*Exercise prompt*. Return the entries below word for word. No picture belongs in the copy.

Extracted information Start Marker

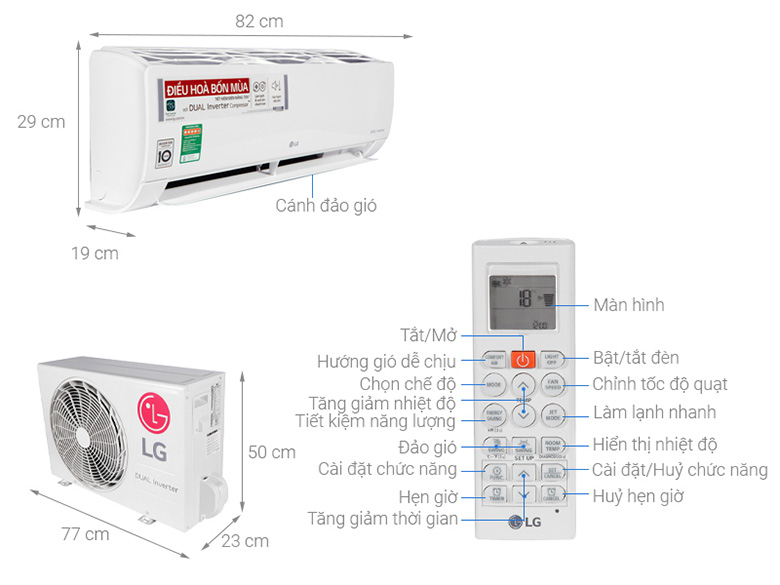 Thiết kế hiện đại - Điều hòa LG 2 chiều Inverter 12000BTU B13END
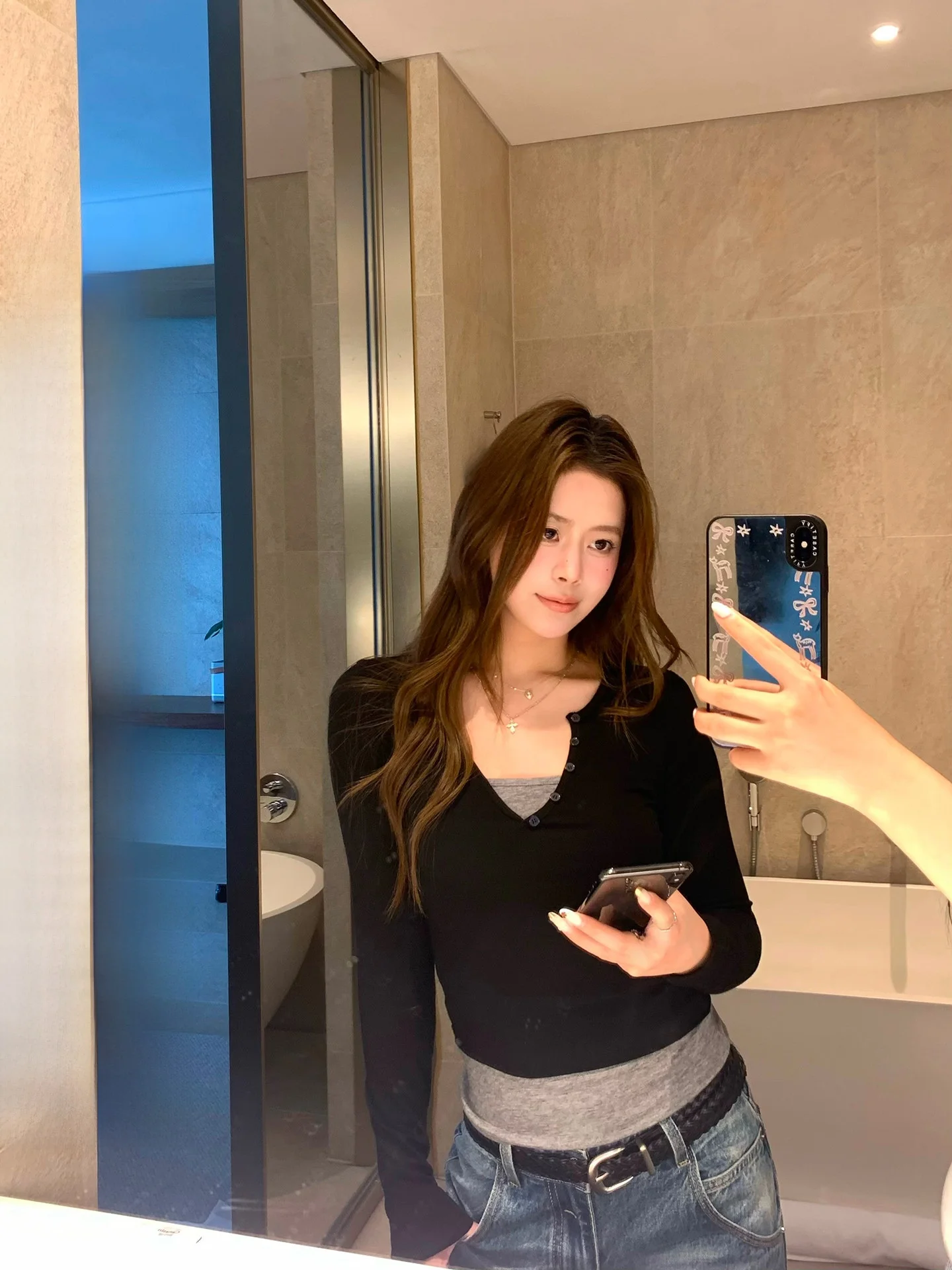 

TeeH Silk Wool Knitted Casual Long Sve Top Women's Spring Simple Sle Fake Two-Piece Comfortable Breathable V-Ne T-irt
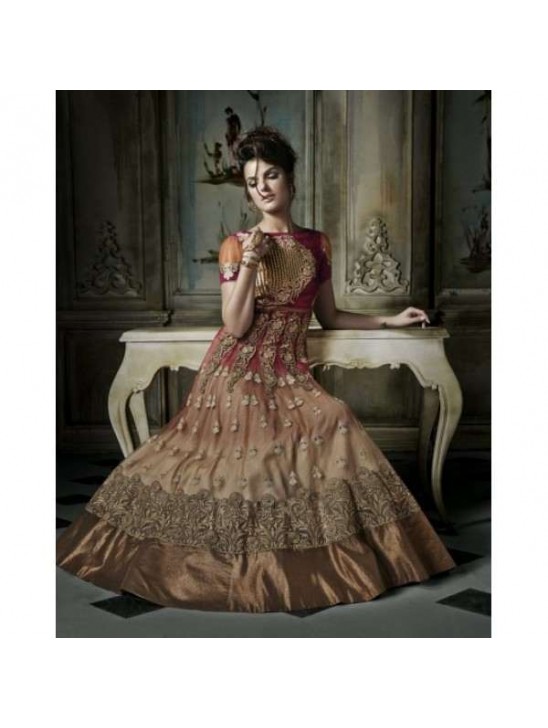 Gold Brown with Red Khwaab Aura wedding Anarkali Gowns (KH-8004)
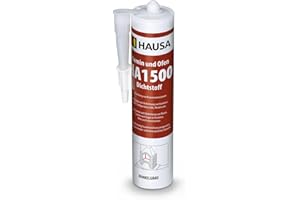 HAUSA Mastic d'Étanchéité pour Cheminées et Poêles HA1500 Mastic Spécial Résistant Au Feu et Aux Températures Jusqu'à 1500°C Produit d'étanchéité Gris Foncé 1x 310 ml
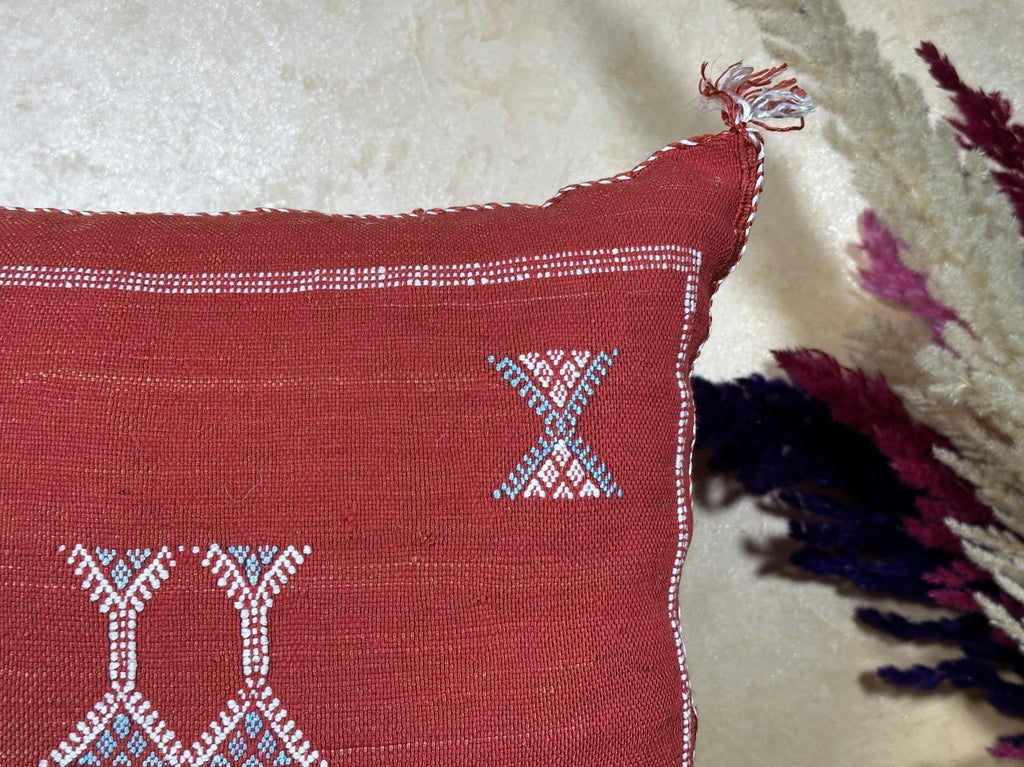Rust Moroccan Cactus Silk Pillow Cover, Handmade Sabra Boho Cushion, Terracotta Geometric Embroidered Pil - product image 3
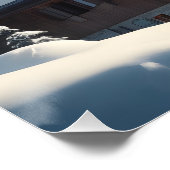 Österreich Alpen Chalets Reiseplakat Poster (Ecke)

Extracted information End Marker

*Answer space*.
 Thiết kế hiện đại - Điều hòa LG 2 chiều Inverter 12000BTU B13END

TeeH Silk Wool Knitted Casual Long Sve Top Women's Spring Simple Sle Fake Two-Piece Comfortable Breathable V-Ne T-irt
 Gold Brown with Red Khwaab Aura wedding Anarkali Gowns (KH-8004)
 HAUSA Mastic d'Étanchéité pour Cheminées et Poêles HA1500 Mastic Spécial Résistant Au Feu et Aux Températures Jusqu'à 1500°C Produit d'étanchéité Gris Foncé 1x 310 ml
Rust Moroccan Cactus Silk Pillow Cover, Handmade Sabra Boho Cushion, Terracotta Geometric Embroidered Pil - product image 3
 Österreich Alpen Chalets Reiseplakat Poster (Ecke)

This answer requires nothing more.